According to an embodiment, the first electronic device 610 may obtain the information related to an activity of the user who wears the first electronic device 610. For example, as described above, the first electronic device 610 may obtain the information related to the activity of the user via a sensor (e.g., the sensor 320 of FIG. 3). According to another embodiment, the first electronic device 610 may obtain the information related to the activity of the user from another wearable electronic device that the user wears (e.g., a watch-type electronic device, a ring-type electronic device, a bracelet-type electronic device, or the like). For example, the information related to the activity of the user may further include information related to the body of the user, and information related to a predictable user activity from an application being executed.

According to an embodiment, the information related to the activity of the user may be displayed in the form of an icon 613, an image, or text on a display of the first electronic device 610 or the second electronic device 620. According to an embodiment, the information related to the activity of the user may be output in the form of sound (or voice or alarm) in the first electronic device 610 or the second electronic device 620. According to an embodiment, the information related to the activity of the user (e.g., icon, image, text, voice data) may be transmitted from the first electronic device 610 to the second electronic device 620. The second electronic device 620 may receive, from the first electronic device 610, information related to the protection area 611 and the information related to the activity of the user who wears the first electronic device 610, and may display the information received from the first electronic device 610 on a display of the second electronic device 620 or may output the same via a speaker. A user who wears the second electronic device 620 may identify information (e.g., the protection area 611 and/or icon 613) displayed on the display of the second electronic device 620, and may predict a movement of the user who wears the first electronic device 610, thereby preventing a collision. According to an embodiment, the second electronic device 620 may be a wearable electronic device (e.g., an HMD device), but it is not limited thereto. The second electronic device 620 may execute an AR-related application or a VR-related application. For example, while executing an AR-related application or a VR-related application via the second electronic device 620, the user who wears the second electronic device 620 may predict a movement of the user who wears the first electronic device 610, thereby preventing a collision therebetween.

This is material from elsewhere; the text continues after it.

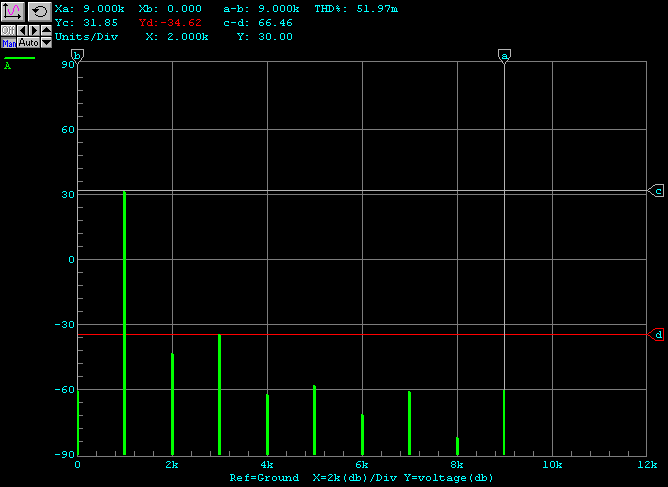 NAD-S300_orig_thd_100W.gif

According to an embodiment, the first electronic device 610 may broadcast the information related to the protection area 611 or the information related to the activity of the user who wears the first electronic device 610 via a short-range communication device (e.g., a UWB, Bluetooth, or the like).

According to another embodiment, the first electronic device 610 may transmit the information related to the protection area 611 and the information related to the activity of the user who wears the first electronic device 610 to a server via a network, and the server may transmit the information received from the first electronic device 610 to an electronic device (e.g., the second electronic device 620) adjacent to the first electronic device 610. According to an embodiment, the electronic device (e.g., the second electronic device 620) adjacent to the first electronic device 610 may be identified via a GPS system. According to another embodiment, an adjacent electronic device (e.g., the second electronic device 620) may be identified by recognizing the distance between electronic devices and/or locations thereof via UWB communication, and identifying relative locations of the electronic devices.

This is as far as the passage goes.